Umpiring and the Decision Review System [DRS] came under the scanner yet again, when Aleem Dar, the third umpire in the Australia-New Zealand Boxing Day Test, drew the ire of former cricketers after a questionable decision on day three at the Melbourne Cricket Ground.
The point of contention was a caught-behind, off Mitchell Santner’s glove, after the all-rounder had attempted to fend away a Mitchell Starc bouncer to leg slip in the 37th over. The Australians appealed, believing that the glove, or the wristband attached to it, was in contact when the ball pinged Santner, but on-field umpire Marais Erasmus withheld the appeal. Paine took little time to refer it to Aleem Dar, the third umpire.
Slow-motion replays showed the ball to be seemingly hitting the wristband before gliding over the arm guard – the wristband distinctly moved and tugged upwards upon impact – but Dar thought otherwise, retaining Erasmus’ decision. Santner, then on 0 off 2 balls, hung around for another 30 balls.
'Gloved or not gloved' is the question…
— ICC (@ICC) December 28, 2019
Dar’s umpiring did not go down well with Ricky Ponting, who was serving as the broadcaster’s commentator. “That has been missed by the third umpire, absolutely as plain as day … if you can’t get that right, then you shouldn’t be doing it,” he said.
“[The sweatband] clearly moves before it goes into the forearm guard.
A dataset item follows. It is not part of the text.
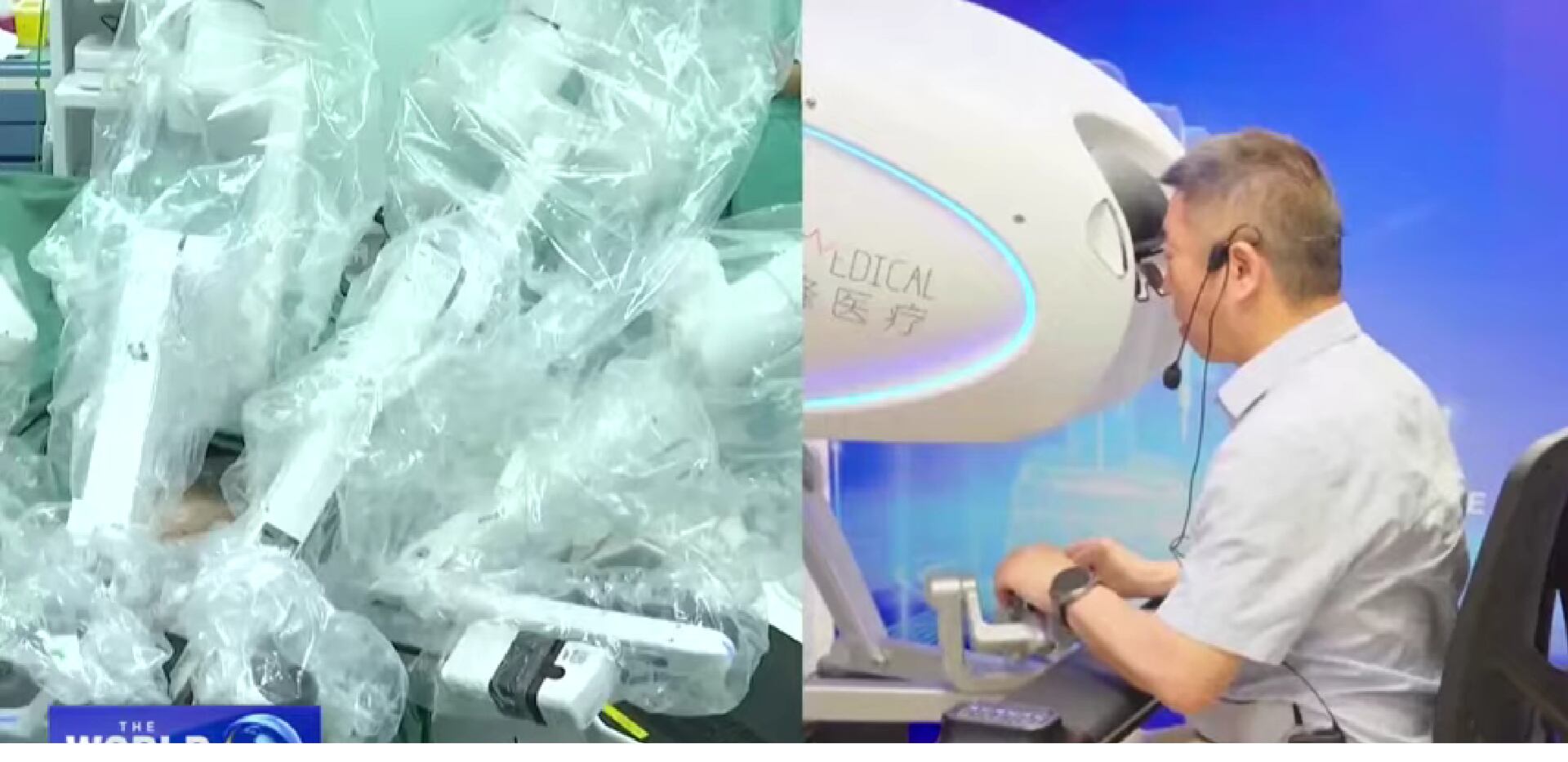 Telecirugía a 8.000 km de distancia: cirujano en Roma opera la próstata de un paciente en China. (Foto: CGTN Europe)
That, in my opinion, is conclusive evidence.”
Ponting’s former teammate, Mark Waugh, also took to Twitter to denounce the call. “That is a very poor decision by the third umpire”, Waugh’s tweets read. “You can clearly see the band on the top of the glove moving after the ball brushed it. That type of decision is exactly why DRS is used in the game.”
That is a very poor decision by the third umpire. You can clearly see the band on the top of the glove moving after the ball brushed it. That type of decision is exactly why DRS is used in the game.
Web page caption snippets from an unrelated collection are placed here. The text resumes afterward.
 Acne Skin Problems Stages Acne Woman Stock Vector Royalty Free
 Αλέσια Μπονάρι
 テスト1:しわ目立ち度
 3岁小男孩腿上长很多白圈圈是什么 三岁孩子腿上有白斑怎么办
— Mark Waugh (@juniorwaugh349) December 28, 2019
Shane Warne, too, joined the debate, stressing that the third umpire should have taken his time and analysed other angles before making the final call. “The sweatband clearly moved and it should have been overturned,” Warne was quoted as saying by foxsports.com.au. “Sometimes, the umpires get it wrong, but I don’t think Dar sees enough of the vision either. He should have asked for more angles before making his decision, and I believe he got it wrong.”
Dar’s umpiring howler came just a day after Australia captain Tim Paine panned the DRS system for its inconsistencies, having been at the receiving end of a disputable call that halted him on 79 in the first innings.
As for Dar, who broke the record for most matches as a Test umpire earlier this week, it has been two difficult days of unbridled criticism.